Dake lifted an arm, turned and went on, feeling only a complete certainty that he was headed in the right direction.
The huts ringed the enormous game fields. They were of the same featureless black of the larger buildings so far away that the big trees over them were on the far horizon. The huts were set far apart. There was a single communal building. The guiding influence led him directly to the communal building. On the far side of the game fields was a small group, too far away for him to see what they were doing. There were more of the violet-eyed non-human clerks in the communal building. They had a grotesque and peculiar grace of their own. The influence over him was not as strong as when he had first reported. His acceptance was not as automatic. And their attitude was different. They seemed servile, humble, over-courteous as several small objects were handed to him.

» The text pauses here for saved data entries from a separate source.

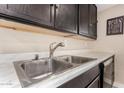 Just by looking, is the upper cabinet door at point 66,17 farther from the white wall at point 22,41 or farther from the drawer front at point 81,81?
the drawer front at point 81,81

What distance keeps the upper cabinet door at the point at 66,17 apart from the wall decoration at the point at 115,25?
1.50 meters

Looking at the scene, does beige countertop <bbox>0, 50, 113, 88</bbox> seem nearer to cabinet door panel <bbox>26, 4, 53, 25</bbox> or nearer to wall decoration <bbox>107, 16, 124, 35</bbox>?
cabinet door panel <bbox>26, 4, 53, 25</bbox>

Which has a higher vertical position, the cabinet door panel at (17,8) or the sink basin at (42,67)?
the cabinet door panel at (17,8)

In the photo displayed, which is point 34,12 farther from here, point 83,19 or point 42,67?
point 83,19

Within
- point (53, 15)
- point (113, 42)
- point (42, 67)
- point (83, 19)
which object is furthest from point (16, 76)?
point (113, 42)

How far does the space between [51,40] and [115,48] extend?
5.81 feet

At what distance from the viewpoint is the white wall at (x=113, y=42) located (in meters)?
2.40

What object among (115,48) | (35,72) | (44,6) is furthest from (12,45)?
(115,48)

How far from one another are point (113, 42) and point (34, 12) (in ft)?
7.37

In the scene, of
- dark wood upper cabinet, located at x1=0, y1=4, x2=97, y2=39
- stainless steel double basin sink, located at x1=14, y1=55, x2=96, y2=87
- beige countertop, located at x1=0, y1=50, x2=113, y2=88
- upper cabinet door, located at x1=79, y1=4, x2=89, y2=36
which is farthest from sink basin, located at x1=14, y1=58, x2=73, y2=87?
upper cabinet door, located at x1=79, y1=4, x2=89, y2=36

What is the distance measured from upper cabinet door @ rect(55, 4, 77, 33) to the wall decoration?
1.50 metres

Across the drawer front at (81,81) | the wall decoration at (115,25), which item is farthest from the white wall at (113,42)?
the drawer front at (81,81)

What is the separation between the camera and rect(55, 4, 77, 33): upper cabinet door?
1159mm

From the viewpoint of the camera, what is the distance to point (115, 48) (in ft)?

If it would please you, these objects should be taken to your hut. We cannot approach the huts or we would take them.
Which hut?
They all made thin sounds of pain, cringing before him.
Too strong, too strong. The words were sweet-singing in his brain. One of them moved carefully around him to the door, pointed. That one, Earthling. Then you must join the others.
He crossed to the hut, carrying the odd objects in his hands. The interior was stark. Bed, table, chair. He placed the objects on the table, fingered them curiously, joined the group at the far side of the game fields.
He counted them as he approached. Eleven. Some turned and looked toward him. He stopped abruptly as a stone-faced middle-aged woman appeared directly in front of him. Her expression was wise, sardonic, half-amused.